The why behind the me.

by Aanya F Niaz

Written in June, 2012.

With Preston Reed’s fingers hard at work in the background, percussive guitar-playing just hit a new note for me. Settled onto a mattress bed, any movement is devoured by the bed as if I’ve set sail by the edge of the world. The waters underneath only speak to my current state of mind: serene with scattered bouts of flinching imagination on where I am and what will be for the next two years. A teacher. To teach. Teaching young minds how to rise when they falter and to never fear faltering. It’s the status quo of life; unrelenting tides of temporary bliss and gloom. It’s a delectable combination.

Pursuing that combination, I’m on the other side of the globe now. In New York. About to become a teacher in a charter school in Brooklyn. I’m here because it seemed like the next step to take, not that I thought unrelentingly on this step, or attempted to gather too much meaning on why I was flying across the world to New York to spend my mid-twenties. Glimpses of Papa’s white kurta pants and Ma’s ever-so-elegant shalwar kameez, both seated across the television in the living room, commenting insight-fully on the political dilemma of the country, sway into my mind, back and forth, back and forth, as if the ticking pendulum speaks to the dissatisfaction of being away from them. It’s like a time-bomb. Tick-tock. Tick-tock. The truest form of life I have ever known is embodied by my parents, and as they age, I am so far away? Time speaks to this emotion stronger than any other.

However, the serenity of being in a place where my individuality remains on a pedestal is too valuable to by pass, at least at this moment in time. Thinking of home, Lahore, my city of lights and dusty miracles is a force of calm but what it took away from me is unforgivable at many levels. The ‘me’, and the ‘why’ being the ‘me’.

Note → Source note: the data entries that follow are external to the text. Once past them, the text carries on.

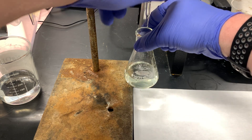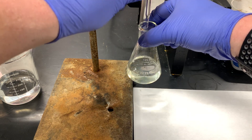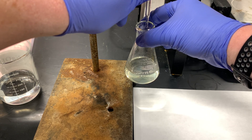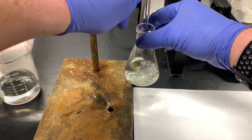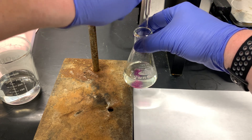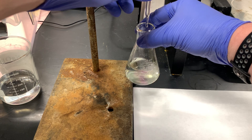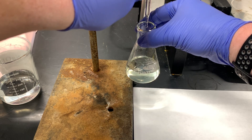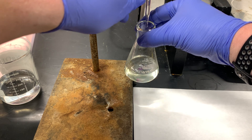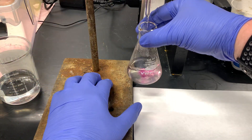I've added a little bit of my solution. I've positioned myself so that I can adjust the valve and stop the flow of my solution very easily as that color change is going. I'm going to try to get this down to a drop-wise transfer.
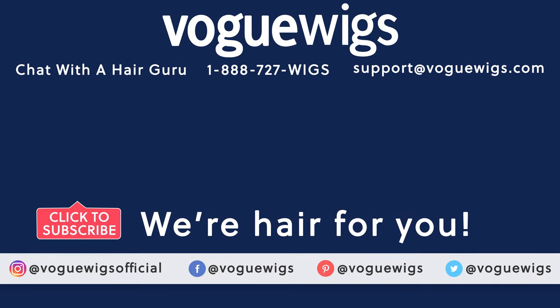If you want to see more videos like this one, click on the card. Thanks for watching everyone — have an amazing day!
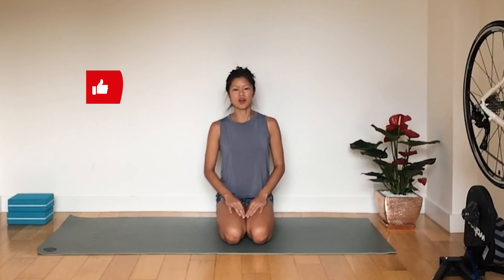And that concludes our stretching for today for your glutes. If you like this video, please give it a big thumbs up, leave a comment in the comment section, and subscribe to my channel.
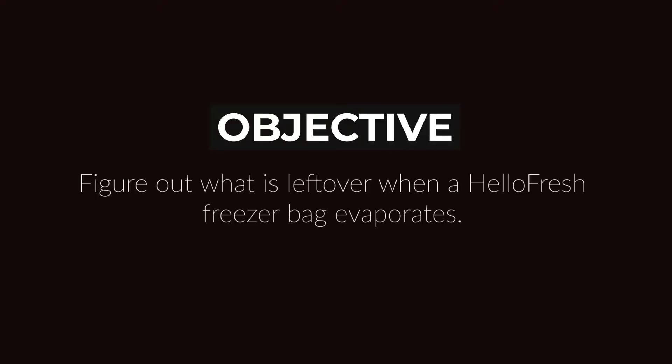So here we go. Objective: figure out what is left over when a freezer bag evaporates. What does the solid look like? Does it revert back to powder form?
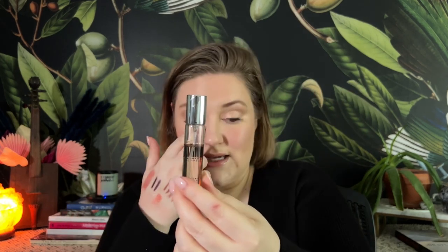Then I have a travel spray of the Dead Cool Taunt fragrance — one of my favorite perfumes. It's a nice little size, and this is what I'll be taking with me. I'm going to throw that in my makeup bag.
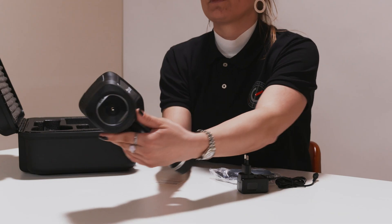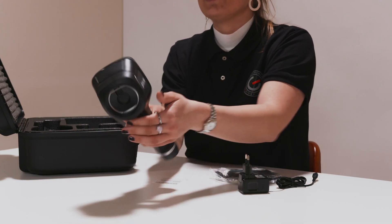There's a protection cover over the infrared sensor — I'll show you. This should be used when you're not using the camera, as the lens is of course quite vulnerable.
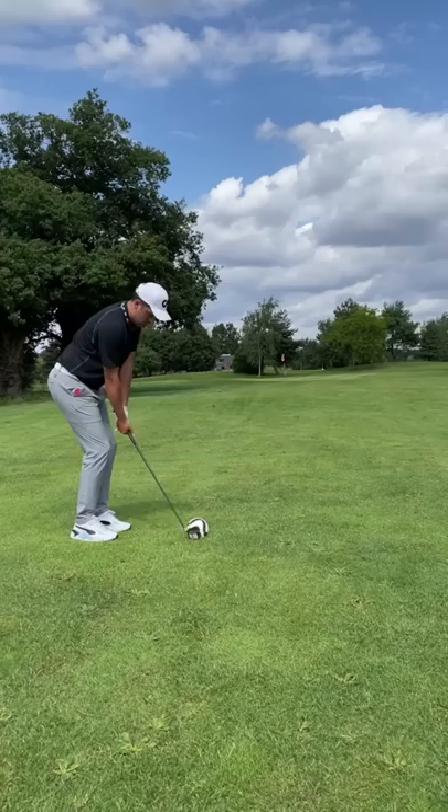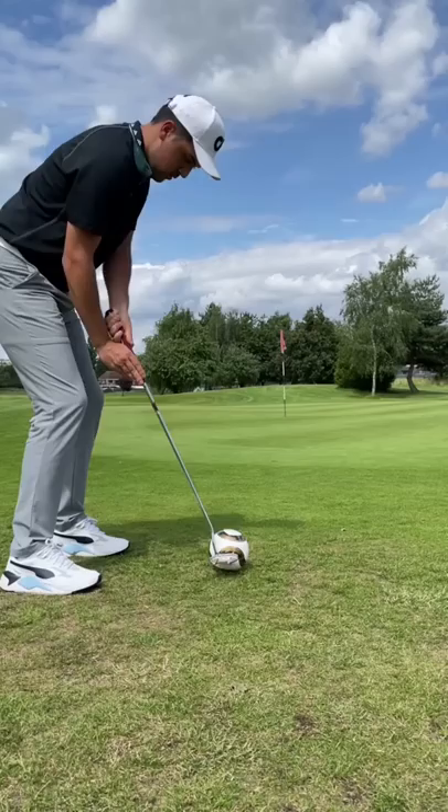My second shot and I went for the famous 8 iron bump and run. I wanted to keep the ball low and on the floor and let it roll to the green. It's the right idea, it just needed more power.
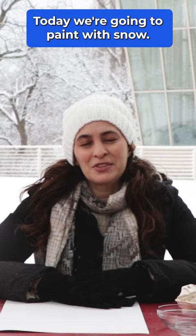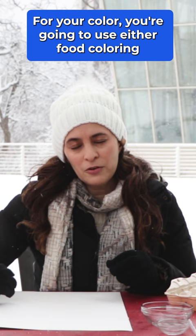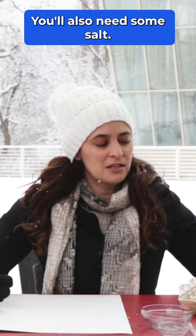Today we're going to paint with snow. The first thing you're going to need is some sort of palette and empty containers for your color. For color, you're going to use either food coloring or liquid washable watercolor paints. You'll also need a few spoons and some salt.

Questions directed at me of my own virtues and vice became increasingly infrequent, as if any mere assumption in regards with my being was the norm. One’s persona and character is automatically related with one’s family, wealth and socioeconomic status and being a believer in psychological contexts, freeing myself from the chains of how everyone wanted to connect the dots, all the time, became my pursuit. With respect for such connections and bond, I could not understand why every gesture, action and voice was taken not as a singular one, but as a product of his/her status in the society. These chains are gruesome, and have left many to adopt the “normalcy” in our society. What’s ironic is, it’s the farthest away from being normal. It robs them of their vivacious personal growth, of any unique thought processes or dreams they may have and worst of all, happiness is defined within a box and soon after, they only rejoice once they are inside this box and feel disillusioned if placed outside of it. This scared me. It was traumatizing to come to such a realization: my surroundings could bury any aches of who I truly was. Not that other parts of the world don’t do the same, but knowing that even the core value of joy would be written for me by others and I would be constantly measured against it rattled my bones, shook my core and quietened my desires.At this point, it is important to note that this entire journey had zero to do with familial and traditional bonds with my beloved homeland.

Nothing has or could ever dampen the glistening, scorching sunlight on my skin, or change the way I have viewed the clouds that bring delicious monsoon rain into Lahore. The charisma of Pakistan is ingrained in me and at times is my only oxygen. I learned soon after it was time to find a solution, to form a bridge over troubled waters and adopt a dynamic that gave me the best of my Eastern identity, but did not step on my wings when I wanted to fly.

Gradually I became happily distant from reacting to such an enclosed society, whose vision certainly differed from mine. Although now I am far away, I realize I will never be fully isolated from the eastern dilemma’s of existence and identity and in fact, I have come to share a healthy relationship what with I have left behind. I suppose in my heart of hearts, I know I did not abandon what was but I realized how monumental it was to take my heritage with me, upon my shoulders and follow along the patterns of life devised by my decisions and actions. It is easier to see the middle-ground from here. How ironic and unsettling, though, that the comfort one seeks doesn’t always come from where they belong. I suppose distance does make the heart grow fonder. I did not choose this distance to be how I would find solace in the dynamics between the east and the west. I gradually found that away from societal implications, I could breathe better and hence carry out informed thinking. It’s almost as if your best friend and you spend too much time together and familiarity does not want to breed contempt, but begins to irrationally and rationally create boundaries. If you do not take a step back and let the air in, the fragrance of contempt will take over the blossoming flower of a friendship. I suppose this analogy is apt when it comes to me separating myself from Pakistani society in order to find myself again, and then to return, with clarity and a vision of hopeful admiration. The same way you can never forget your friend and never watch your friend bleed, every single day, Pakistan breathes in me.

(Life has continued to evolve, and mindsets have been shaped by differentiated thought and experiences since this was written.)